Rate Cuts, Recession Risk and the S&P 500 Playbook

Each time traders revise their bets on Federal Reserve rate cuts, the S&P 500 moves almost instantly. It is easy to treat those reactions as noise. History suggests they are anything but. In past cycles, the pattern of Fed easing has had a clear, if uneven, relationship with how US equities behave.
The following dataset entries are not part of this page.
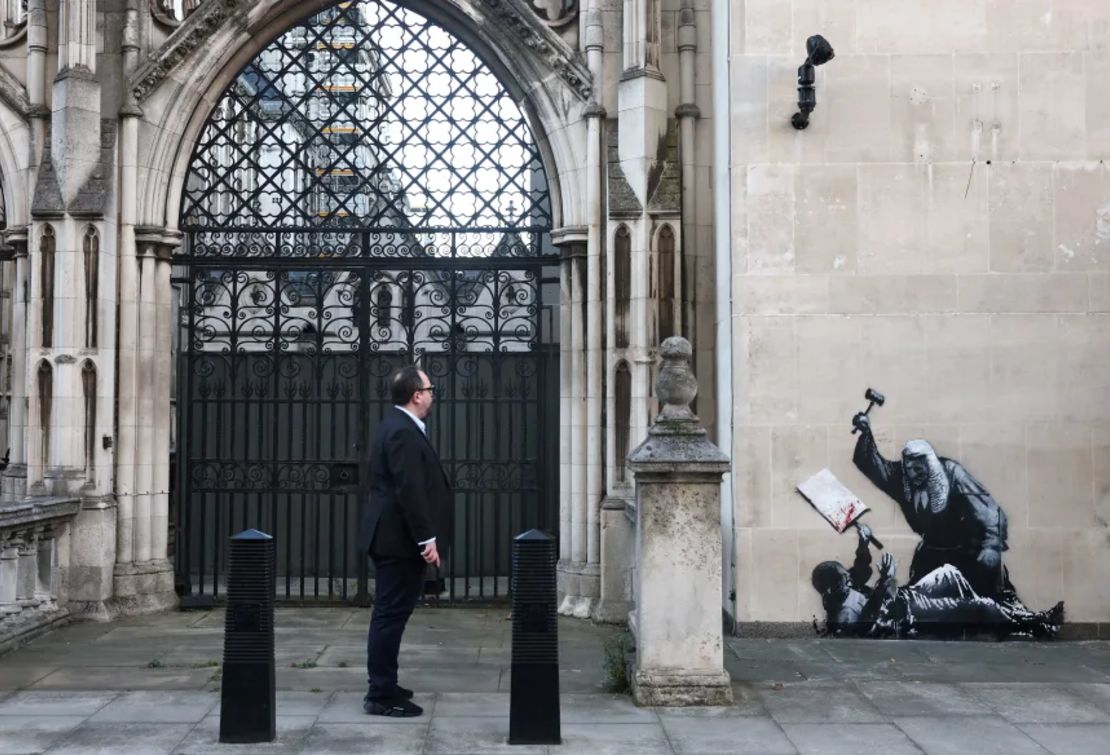 Una persona mira un nuevo mural del artista anónimo Banksy en los Tribunales Reales de Justicia de Londres, el 9 de septiembre de 2025.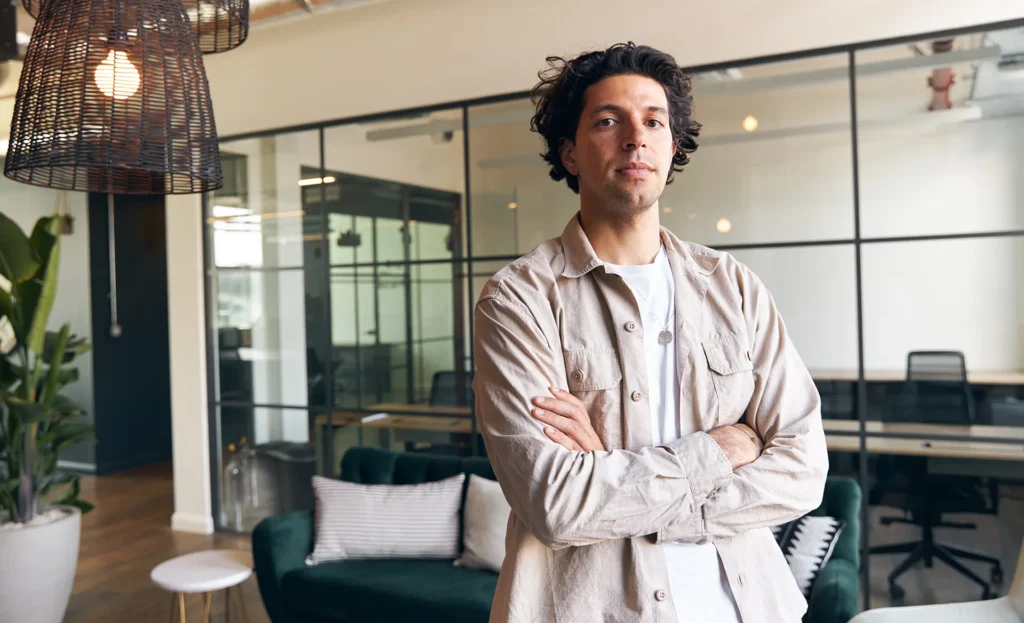 A confident man with curly dark hair stands with arms crossed in a modern, open-plan office.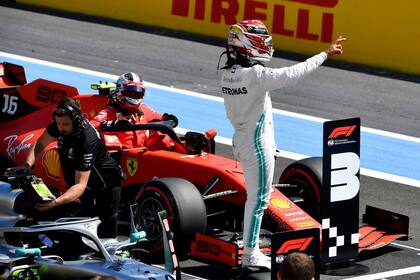 Sobre su Mercedes, Lewis Hamilton celebra en Paul Ricard la 86ª pole position de su trayectoria; Charles Leclerc sale de su Ferrari tras alcanzar la tercera posición de largada.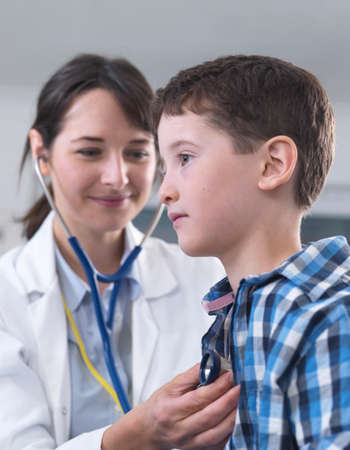 Doctor checking boy's breathing with stethoscope
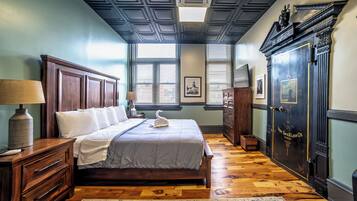A bedroom with a large bed, wooden dresser, and a wardrobe with a lock.
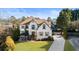 Charming two-story home with neutral exterior, manicured lawn, mature landscaping and a pergola-covered patio at 225 Arbor Creek Way, Roswell, GA 30076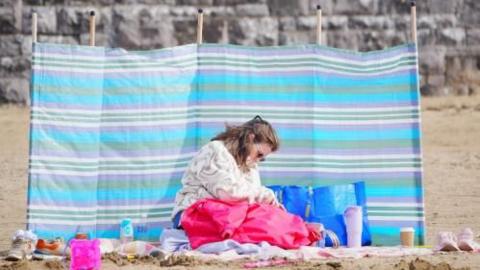 A woman sitting on the beach, with a bright pink jacket on her lap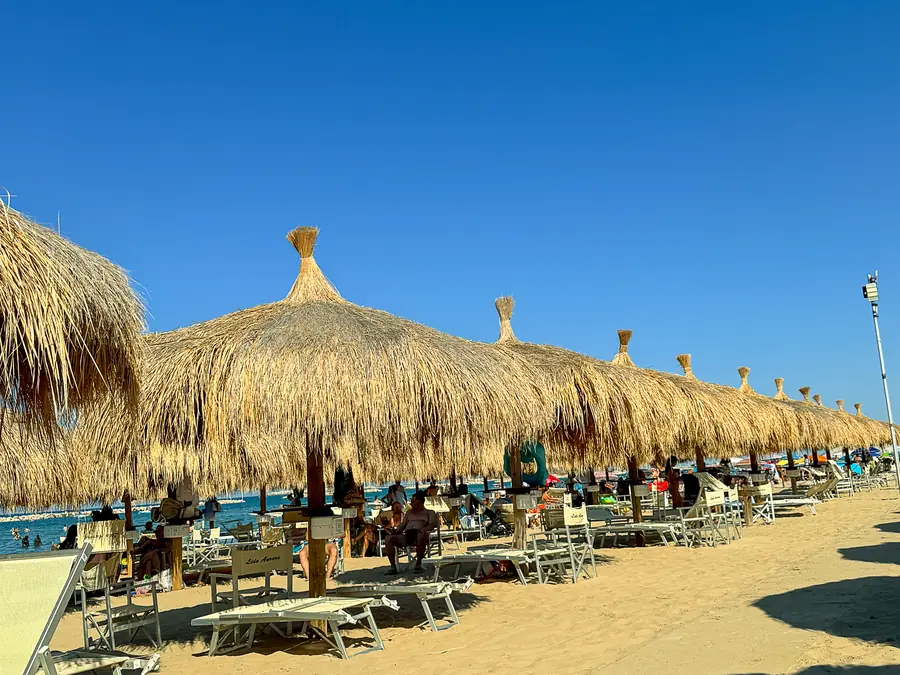 Ombrelloni di paglia e lettini su una spiaggia di Pescara sotto un cielo azzurro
J.P. Morgan’s long-run “Guide to the Markets” charts show that, over the past 25 years, the S&P 500 has tended to struggle in the months immediately before and after the first rate cut, especially when cuts arrive in response to deteriorating growth rather than a soft landing. Equities often rally into the first move on anticipation of easier policy, then wobble as investors reassess what the cut signals about underlying economic momentum. Where the cycle goes next has mattered more than the cut itself: in “mid‑cycle” easing episodes where growth stayed intact, the S&P eventually went on to post solid returns; in recession‑driven easing cycles, initial rallies faded into deeper drawdowns as earnings fell faster than discount rates.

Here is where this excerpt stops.